Bayer enfrenta 160 mil ações de vítimas do glifosato nos EUA, e apenas 6 no Brasil

Repórter Brasil fez levantamento de processos jurídicos nos quais o agrotóxico glifosato é apontado como um problema para a saúde de trabalhadores e comunidades. São mais de mil casos em uma década, dos quais seis envolvem a Bayer, uma das maiores produtoras globais da substância
Por Carla Ruas e Silvia Lisboa | Edição Diego Junqueira

Agrotóxico mais vendido no Brasil, o glifosato é alvo de ao menos 1.006 ações na Justiça brasileira por danos à saúde de trabalhadores e comunidades vizinhas às plantações, segundo levantamento exclusivo da Repórter Brasil. A Bayer, uma das principais fabricantes do herbicida, responde a apenas seis processos (0,6% do total).

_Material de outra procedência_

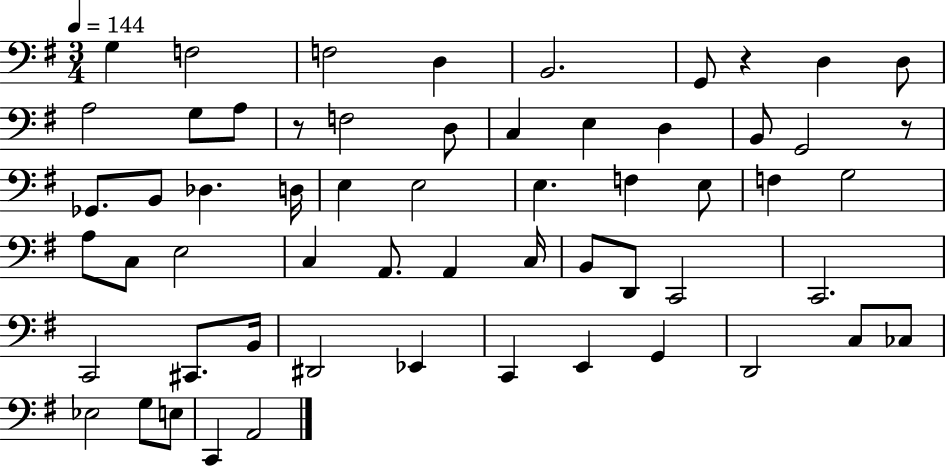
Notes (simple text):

G3/q F3/h F3/h D3/q B2/h. G2/e R/q D3/q D3/e A3/h G3/e A3/e R/e F3/h D3/e C3/q E3/q D3/q B2/e G2/h R/e Gb2/e. B2/e Db3/q. D3/s E3/q E3/h E3/q. F3/q E3/e F3/q G3/h A3/e C3/e E3/h C3/q A2/e. A2/q C3/s B2/e D2/e C2/h C2/h. C2/h C#2/e. B2/s D#2/h Eb2/q C2/q E2/q G2/q D2/h C3/e CES3/e Eb3/h G3/e E3/e C2/q A2/h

O cenário contrasta com o que ocorre nos Estados Unidos, onde a Bayer já desembolsou mais de 11 bilhões de dólares (R$ 59 bilhões) para encerrar cerca de 100 mil processos de vítimas do seu campeão de vendas, o Roundup, à base de glifosato. Há outras 61 mil ações pendentes de julgamento, segundo um escritório  de advocacia norte-americano que acompanha os casos.

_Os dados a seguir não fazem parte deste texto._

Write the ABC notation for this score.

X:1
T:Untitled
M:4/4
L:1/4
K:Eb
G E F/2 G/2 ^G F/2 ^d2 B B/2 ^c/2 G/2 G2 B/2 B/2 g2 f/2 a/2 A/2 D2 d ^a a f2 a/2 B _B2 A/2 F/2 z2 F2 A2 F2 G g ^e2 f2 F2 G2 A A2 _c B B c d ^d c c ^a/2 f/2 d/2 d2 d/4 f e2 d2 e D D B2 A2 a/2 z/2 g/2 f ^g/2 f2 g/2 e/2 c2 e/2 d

No Brasil, os trabalhadores que afirmam ser vítimas do glifosato enfrentam dificuldades jurídicas para que seus processos avancem, segundo especialistas ouvidos pela reportagem. Em geral, o desafio é comprovar que os problemas de saúde foram provocados pela exposição ao agrotóxico. Uma das principais estratégias de defesa da indústria é justamente colocar em xeque o nexo causal, atribuindo eventuais doenças a outros fatores.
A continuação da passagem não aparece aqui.